Whenever a line below includes the word "Bird", copy that line.

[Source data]
═══
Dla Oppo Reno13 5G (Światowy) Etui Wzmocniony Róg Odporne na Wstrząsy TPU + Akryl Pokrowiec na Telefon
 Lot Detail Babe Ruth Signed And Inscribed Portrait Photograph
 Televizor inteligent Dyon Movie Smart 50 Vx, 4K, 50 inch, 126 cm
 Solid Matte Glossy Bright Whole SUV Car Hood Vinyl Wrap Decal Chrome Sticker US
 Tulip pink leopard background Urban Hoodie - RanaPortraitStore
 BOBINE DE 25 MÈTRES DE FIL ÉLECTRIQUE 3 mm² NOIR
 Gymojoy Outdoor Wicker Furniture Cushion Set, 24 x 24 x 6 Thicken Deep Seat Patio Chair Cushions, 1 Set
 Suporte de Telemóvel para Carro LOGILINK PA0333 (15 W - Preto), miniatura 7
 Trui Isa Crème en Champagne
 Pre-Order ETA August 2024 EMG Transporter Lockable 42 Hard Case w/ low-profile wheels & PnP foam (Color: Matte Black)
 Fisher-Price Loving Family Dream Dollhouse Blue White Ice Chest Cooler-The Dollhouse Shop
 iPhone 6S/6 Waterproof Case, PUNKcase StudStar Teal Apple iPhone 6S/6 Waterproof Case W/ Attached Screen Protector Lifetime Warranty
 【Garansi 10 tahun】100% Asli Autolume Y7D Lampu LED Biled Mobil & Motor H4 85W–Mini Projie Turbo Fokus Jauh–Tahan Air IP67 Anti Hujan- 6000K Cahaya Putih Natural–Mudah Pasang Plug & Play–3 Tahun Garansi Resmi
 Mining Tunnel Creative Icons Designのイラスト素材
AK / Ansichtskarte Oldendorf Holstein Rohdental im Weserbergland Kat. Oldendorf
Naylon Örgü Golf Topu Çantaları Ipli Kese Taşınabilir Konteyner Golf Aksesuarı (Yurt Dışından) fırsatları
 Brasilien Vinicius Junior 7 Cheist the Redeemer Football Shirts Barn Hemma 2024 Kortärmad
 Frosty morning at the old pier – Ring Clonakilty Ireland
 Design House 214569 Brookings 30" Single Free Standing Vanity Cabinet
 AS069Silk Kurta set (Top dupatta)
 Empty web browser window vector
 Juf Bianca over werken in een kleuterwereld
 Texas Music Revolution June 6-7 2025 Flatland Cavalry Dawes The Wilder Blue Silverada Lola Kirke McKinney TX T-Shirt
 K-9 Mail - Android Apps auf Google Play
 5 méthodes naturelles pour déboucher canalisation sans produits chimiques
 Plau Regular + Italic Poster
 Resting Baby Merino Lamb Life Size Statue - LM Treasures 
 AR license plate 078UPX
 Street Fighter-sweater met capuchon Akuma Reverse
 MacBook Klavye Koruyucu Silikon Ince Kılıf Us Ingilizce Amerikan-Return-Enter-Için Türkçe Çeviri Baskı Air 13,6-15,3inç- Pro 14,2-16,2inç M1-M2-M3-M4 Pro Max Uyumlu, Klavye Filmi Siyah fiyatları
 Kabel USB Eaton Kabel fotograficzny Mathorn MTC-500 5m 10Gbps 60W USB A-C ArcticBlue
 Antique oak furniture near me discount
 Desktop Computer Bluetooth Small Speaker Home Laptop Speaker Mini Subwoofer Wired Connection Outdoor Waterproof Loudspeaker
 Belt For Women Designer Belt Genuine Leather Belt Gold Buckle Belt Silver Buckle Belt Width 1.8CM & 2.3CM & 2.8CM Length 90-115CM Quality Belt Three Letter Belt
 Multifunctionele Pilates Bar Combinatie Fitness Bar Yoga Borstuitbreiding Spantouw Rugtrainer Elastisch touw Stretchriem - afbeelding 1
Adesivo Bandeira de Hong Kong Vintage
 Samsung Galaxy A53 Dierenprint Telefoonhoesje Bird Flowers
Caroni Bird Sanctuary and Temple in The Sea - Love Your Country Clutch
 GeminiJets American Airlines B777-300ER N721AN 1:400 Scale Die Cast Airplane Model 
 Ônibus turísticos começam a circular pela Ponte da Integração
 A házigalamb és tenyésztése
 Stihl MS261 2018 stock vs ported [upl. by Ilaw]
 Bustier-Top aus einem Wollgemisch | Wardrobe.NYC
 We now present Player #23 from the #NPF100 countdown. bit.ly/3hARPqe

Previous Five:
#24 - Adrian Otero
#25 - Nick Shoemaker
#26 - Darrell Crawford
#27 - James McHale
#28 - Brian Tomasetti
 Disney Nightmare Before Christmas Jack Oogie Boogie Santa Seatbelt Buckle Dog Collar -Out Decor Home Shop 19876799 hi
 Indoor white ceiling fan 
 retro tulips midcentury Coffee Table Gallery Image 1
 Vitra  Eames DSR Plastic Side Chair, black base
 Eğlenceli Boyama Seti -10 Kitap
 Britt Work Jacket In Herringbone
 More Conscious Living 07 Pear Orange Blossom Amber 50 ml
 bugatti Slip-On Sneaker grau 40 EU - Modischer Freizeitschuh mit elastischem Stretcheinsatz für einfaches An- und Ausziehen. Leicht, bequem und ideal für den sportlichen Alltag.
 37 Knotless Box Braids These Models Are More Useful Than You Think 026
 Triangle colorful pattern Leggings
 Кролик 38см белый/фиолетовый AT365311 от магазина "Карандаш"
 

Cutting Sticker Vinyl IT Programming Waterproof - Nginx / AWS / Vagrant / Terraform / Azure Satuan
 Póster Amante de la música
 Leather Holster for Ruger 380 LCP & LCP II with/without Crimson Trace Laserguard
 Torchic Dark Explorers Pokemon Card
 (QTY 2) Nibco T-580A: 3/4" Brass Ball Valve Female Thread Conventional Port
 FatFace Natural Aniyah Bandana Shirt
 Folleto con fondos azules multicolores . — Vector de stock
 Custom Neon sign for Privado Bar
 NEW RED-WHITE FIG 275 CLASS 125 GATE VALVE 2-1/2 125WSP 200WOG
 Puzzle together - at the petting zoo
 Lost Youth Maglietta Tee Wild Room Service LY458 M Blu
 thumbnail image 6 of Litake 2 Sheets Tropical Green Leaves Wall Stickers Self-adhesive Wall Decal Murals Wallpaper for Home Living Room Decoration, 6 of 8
═══
[Answer to this task]
 Samsung Galaxy A53 Dierenprint Telefoonhoesje Bird Flowers
Caroni Bird Sanctuary and Temple in The Sea - Love Your Country Clutch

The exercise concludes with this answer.